Advogado cabo-verdiano detido por faltar ao seu julgamento
Praia, Cabo Verde (PANA) - O advogado cabo-verdiano Amadeu Fortes Oliveira, um forte crítico do sistema de justiça e dos juízes, em Cabo Verde, está detido desde sábado, 20, por ter alegadamente faltado ao seu julgamento, sem justificar a ausência, apurou a PANA segunda-feira de fonte judicial.
Em comunicado, o Conselho Superior da Magistratura Judicial (CSMJ) cabo-verdiano esclarece que a detenção desse ativista não se deveu às muitas denúncias que Amadeu Oliveira vem fazendo sobre a atuação de juízes, incluindo os do Supremo Tribunal da justiça.
A instituição reconhece que a prisão de Amadeu Fortes Oliveira "suscitou muitas reações nas redes sociais e que são suscetíveis de confundir a opinião pública".
"Em primeiro lugar é falso que o arguido Amadeu Fortes Oliveira tenha sido detido por causa das denúncias que fez em relação aos juízes", garante o CSMJ.
Acrescenta que, "na verdade, o arguido foi detido porque não apenas anunciou publicamente que não ia comparecer no dia do julgamento para o qual foi devidamente notificado, como, efetivamente, não compareceu no dia, hora e local designados para o julgamento".
Recorda que o Código de Processo Penal permite ao juiz ordenar a detenção, pelo tempo indispensável à realização da diligência, "de toda a pessoa devidamente notificada que voluntariamente não comparecer no dia, hora e local designados e nem justificar a sua falta no prazo de cinco dias".
Porque Amadeu Oliveira "não compareceu voluntariamente, nem apresentou no prazo legal qualquer justificação válida para a ausência e como forma de assegurar a sua presença no julgamento, foi ordenada a sua detenção", esclarece o comunicado.
"Cumpre frisar que este é o procedimento adotado em todos os processos em relação a qualquer arguido que não compareça voluntariamente, e não há razões para ser diferente neste caso", sublinha ainda.
No entanto, a Ordem dos Advogados de Cabo Verde (OACV) condenou a forma como o processo de detenção do advogado Amadeu Oliveira vem sendo conduzido e exorta as autoridades a cumprirem a lei.
Num comunicado publicado domingo na sua página oficial da rede social facebook, a ordem adianta que só tomou conhecimento da detenção do advogado, que é membro, pelas redes sociais.

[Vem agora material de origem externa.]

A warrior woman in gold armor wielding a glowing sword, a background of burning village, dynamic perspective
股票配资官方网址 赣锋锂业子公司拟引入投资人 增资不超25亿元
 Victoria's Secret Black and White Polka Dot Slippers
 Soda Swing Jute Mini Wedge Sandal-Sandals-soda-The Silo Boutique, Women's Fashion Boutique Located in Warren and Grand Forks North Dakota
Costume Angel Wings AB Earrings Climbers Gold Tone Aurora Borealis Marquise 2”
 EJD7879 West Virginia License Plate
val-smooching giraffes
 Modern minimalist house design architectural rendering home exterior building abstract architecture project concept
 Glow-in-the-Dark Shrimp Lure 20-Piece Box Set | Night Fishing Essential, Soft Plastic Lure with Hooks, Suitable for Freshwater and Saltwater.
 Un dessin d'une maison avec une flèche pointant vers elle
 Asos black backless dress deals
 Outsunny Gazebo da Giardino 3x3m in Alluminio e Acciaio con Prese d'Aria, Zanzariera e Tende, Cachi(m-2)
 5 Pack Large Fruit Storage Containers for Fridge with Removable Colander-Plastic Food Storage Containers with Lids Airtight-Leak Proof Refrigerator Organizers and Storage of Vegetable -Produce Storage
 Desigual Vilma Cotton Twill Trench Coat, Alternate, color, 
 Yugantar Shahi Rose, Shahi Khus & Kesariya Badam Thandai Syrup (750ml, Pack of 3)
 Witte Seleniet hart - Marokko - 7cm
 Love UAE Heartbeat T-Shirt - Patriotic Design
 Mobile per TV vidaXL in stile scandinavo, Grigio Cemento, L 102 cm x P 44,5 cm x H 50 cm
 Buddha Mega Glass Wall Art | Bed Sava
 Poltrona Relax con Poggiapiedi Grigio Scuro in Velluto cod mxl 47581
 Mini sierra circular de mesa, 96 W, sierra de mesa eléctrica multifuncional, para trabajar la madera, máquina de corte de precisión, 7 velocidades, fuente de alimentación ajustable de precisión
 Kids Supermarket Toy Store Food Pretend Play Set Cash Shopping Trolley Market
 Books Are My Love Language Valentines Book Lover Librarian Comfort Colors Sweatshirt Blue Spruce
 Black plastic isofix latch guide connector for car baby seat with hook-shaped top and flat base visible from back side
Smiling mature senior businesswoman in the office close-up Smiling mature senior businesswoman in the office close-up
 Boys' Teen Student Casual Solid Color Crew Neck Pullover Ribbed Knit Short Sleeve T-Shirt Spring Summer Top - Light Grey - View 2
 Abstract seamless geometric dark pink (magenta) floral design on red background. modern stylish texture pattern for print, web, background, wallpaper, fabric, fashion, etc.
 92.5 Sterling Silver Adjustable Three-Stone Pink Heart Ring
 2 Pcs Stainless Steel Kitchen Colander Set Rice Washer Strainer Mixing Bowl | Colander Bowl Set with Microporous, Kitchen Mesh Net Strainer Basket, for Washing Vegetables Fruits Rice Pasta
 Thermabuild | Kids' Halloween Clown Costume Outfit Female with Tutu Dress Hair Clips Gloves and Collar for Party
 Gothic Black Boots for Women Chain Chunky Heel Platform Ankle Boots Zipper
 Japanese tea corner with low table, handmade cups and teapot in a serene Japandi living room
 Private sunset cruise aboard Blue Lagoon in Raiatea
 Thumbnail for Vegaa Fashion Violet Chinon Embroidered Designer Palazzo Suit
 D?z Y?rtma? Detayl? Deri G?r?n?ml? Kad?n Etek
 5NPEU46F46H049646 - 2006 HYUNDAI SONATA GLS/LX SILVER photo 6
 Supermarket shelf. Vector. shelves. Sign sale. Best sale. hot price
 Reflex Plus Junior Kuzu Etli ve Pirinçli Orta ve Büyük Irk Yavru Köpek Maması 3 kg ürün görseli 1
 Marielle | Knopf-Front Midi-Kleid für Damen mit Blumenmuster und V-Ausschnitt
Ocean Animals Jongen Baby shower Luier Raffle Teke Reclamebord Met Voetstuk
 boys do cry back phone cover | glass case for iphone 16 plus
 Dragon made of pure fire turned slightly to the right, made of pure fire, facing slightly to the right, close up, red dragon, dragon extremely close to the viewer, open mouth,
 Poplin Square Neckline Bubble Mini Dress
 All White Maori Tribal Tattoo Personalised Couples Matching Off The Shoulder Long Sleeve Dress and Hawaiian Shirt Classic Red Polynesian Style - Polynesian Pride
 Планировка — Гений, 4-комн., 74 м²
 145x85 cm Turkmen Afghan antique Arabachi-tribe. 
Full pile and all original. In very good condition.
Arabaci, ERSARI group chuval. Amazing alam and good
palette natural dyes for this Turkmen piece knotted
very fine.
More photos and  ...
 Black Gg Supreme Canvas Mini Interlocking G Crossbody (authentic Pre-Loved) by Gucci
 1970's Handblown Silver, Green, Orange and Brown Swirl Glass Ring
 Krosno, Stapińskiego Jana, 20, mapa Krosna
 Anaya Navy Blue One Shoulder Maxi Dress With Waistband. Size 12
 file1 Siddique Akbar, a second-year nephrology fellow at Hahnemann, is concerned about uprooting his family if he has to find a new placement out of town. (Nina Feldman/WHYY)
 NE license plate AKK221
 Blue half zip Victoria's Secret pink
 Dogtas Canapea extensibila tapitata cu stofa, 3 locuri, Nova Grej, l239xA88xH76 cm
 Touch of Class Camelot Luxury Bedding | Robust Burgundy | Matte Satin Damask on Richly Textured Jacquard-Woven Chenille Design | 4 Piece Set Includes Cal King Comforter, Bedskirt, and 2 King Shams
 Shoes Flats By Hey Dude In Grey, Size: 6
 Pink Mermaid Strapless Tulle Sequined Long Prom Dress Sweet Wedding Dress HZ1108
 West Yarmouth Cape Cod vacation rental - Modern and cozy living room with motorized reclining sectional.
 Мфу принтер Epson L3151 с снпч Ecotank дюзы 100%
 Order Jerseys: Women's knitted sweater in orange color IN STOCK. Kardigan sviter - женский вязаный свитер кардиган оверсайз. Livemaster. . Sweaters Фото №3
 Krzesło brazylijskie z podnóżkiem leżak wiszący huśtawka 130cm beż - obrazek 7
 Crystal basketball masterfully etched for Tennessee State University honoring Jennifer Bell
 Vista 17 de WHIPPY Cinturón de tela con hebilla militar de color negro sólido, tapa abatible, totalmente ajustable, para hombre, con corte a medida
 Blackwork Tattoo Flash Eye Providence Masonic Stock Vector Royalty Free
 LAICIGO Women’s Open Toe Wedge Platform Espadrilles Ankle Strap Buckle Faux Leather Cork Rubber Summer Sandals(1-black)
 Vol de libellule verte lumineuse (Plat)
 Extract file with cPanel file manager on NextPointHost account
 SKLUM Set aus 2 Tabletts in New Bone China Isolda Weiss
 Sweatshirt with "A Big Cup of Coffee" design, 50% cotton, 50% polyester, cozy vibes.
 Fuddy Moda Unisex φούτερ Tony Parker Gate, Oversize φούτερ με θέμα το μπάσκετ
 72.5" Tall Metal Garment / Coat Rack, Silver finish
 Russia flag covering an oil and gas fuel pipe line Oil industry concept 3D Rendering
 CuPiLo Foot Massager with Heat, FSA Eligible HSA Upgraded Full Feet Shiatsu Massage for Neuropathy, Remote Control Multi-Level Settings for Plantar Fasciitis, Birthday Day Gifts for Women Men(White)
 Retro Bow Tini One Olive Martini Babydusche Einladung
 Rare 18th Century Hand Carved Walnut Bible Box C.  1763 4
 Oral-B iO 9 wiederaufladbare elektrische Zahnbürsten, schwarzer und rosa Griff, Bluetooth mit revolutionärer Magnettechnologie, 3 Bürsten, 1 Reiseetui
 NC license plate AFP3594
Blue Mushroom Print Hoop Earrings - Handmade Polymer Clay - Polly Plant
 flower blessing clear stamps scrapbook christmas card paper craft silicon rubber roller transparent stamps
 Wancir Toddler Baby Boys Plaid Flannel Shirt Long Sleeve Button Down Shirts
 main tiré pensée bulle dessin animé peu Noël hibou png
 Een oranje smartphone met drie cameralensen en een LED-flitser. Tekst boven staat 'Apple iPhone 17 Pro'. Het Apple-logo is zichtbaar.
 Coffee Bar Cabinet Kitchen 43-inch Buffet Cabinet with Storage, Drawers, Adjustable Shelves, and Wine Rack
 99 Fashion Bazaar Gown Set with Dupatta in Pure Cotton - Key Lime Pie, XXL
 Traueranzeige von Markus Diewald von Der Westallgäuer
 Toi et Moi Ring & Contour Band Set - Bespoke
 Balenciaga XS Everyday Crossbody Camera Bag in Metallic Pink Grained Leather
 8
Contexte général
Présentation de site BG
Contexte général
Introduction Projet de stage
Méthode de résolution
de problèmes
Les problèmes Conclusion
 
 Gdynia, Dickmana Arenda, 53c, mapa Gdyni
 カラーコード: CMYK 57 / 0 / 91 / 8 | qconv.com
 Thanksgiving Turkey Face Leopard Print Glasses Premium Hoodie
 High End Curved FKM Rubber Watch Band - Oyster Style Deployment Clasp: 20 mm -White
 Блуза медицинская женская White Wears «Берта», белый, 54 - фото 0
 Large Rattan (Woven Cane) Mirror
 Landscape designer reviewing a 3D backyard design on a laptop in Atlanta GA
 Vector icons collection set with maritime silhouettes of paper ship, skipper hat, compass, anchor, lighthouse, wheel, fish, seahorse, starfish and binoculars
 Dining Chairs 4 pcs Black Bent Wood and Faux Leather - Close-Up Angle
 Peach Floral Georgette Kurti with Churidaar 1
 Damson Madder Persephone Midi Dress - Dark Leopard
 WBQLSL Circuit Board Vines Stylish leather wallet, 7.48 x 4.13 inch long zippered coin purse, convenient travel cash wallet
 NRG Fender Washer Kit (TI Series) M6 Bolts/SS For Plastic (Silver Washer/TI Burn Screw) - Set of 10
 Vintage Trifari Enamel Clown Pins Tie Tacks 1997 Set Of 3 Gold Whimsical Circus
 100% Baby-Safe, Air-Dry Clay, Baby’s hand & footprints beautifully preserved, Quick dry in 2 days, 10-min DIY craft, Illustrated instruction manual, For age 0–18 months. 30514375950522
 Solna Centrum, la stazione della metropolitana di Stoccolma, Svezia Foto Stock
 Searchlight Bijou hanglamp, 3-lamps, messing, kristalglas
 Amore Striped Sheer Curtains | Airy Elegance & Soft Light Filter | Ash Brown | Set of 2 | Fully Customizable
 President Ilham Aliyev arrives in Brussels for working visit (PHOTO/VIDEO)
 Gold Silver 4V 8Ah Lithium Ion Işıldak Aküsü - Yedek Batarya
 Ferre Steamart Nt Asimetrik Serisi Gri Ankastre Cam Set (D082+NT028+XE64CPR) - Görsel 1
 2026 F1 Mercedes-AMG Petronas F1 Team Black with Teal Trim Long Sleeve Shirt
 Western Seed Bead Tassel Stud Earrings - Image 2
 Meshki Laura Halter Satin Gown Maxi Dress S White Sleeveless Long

A OACV lembra que a lei determina que a detenção ou prisão de um advogado deve ser comunicada imediatamente à Ordem pela entidade que a ordenou, executou ou validou, indicando-se os motivos que a determinaram e o local em que aquele advogado se encontra.
“A Ordem dos Advogados reitera a importância do respeito pela Lei, para concretização do Estado de Direito e defesa dos direitos, liberdades e garantias dos cidadãos e dos Advogados em especial”, refere o comunicado.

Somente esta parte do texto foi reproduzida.